作品は、リンシという、ティンプーから北方にある山岳地帯の集落へ、手紙を配達する郵便配達員の話です。山道を5日かけてリンシにたどり着く姿が淡々と描かれています。リンシへの道は、まずはティンプー川に沿って峠を越えるところからはじまります。川を渡る時には、衣服をたくしあげ、長靴を穿くのですが、長靴の上から配達員の細くて茶色いふくらはぎとふとももが見えます。あんなに細い脚で郵便物に加えて、5日間を過ごす物資等々を背負って歩き続けるのか、と思います。峠を越えて、野営をしながらじわじわとリンシの町へと距離を詰めていきます。トレッキングサイト等で調べてみると、配達員はシャナからリンシまで約54キロの道のりを歩くようです。最高地点は標高5000メートル近い峠。夏には雨が降ってぬかるんだ道を、冬には雪で凍った斜面を滑らないように慎重に歩くシーンもみられます。作中の大半にわたって、雄大なヒマラヤの道のりを配達員が歩き続ける姿が描かれていきます。個人的には、疲れて若草色の斜面に横たわって休憩するシーンが印象的です。リンシに到達した後の、リンシに根を下ろして生活する人々とのやりとりや、配達員の家族の生活を描いたシーンもあります。全体を通して、非常に素朴なつくりでありながら、ウゲンさんの、丁寧に映像を作り上げている気持ちが感じられる作品です。

★★★

上映後のトークセッションで、いくつかウゲンさんの思いを聞くことができました。
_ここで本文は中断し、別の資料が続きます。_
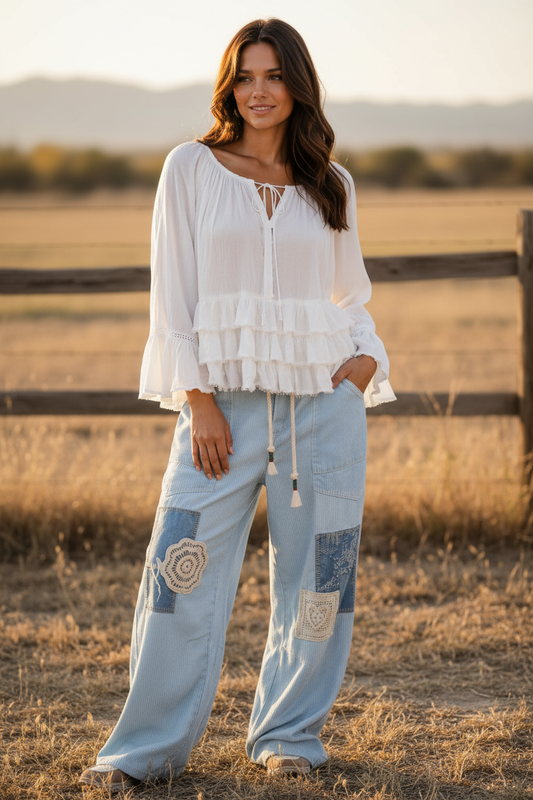 Woman wearing the Aria Crinkle Ruffle Top with Sky Breeze Patchwork Boho Wide Leg Pants, standing in a field.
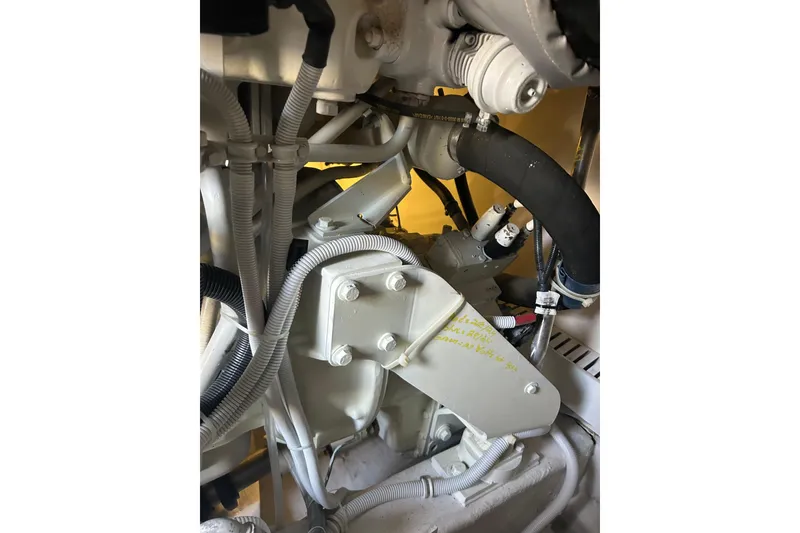 Slide: The Image of Engine components of a 2005 Bertram 390 Convertible boat, featuring hoses and wiring. - 27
会場から、「開発を進めることと、GNHの概念を守ることは一見矛盾するのではないか」という質問がありました。ウゲンさんは、「しかしながら、リンシまでの道が半分でも開発されれば、運送コストは飛躍的に下がる(現在リンシの人々はティンプーの人々と比べて日用品を買うのに4倍のコストがかかっている)。万人の幸せになるのであれば、開発は進められるべきだ」と答えていました。また、小型機械の普及を通して農業や牧畜の生産性を向上させることで、農村部の生活を向上させることの必要性を話していました。開発を否定しない一方で、作品全体を通して伝わってくる、ブータンの農村部に息づく人々のある種の「豊かさ」を壊さないように後世まで伝え、残していきたいという意思を感じました。

最後に、当日の会場には若い世代だけでなく、還暦を過ぎた方の姿もかなりみられました。聞くと、土木技術や農業指導など、なんらかの形でブータンに関わってこられた方とのこと。昔から日本とブータンはつながりがあったのだなぁ、と改めて感じました。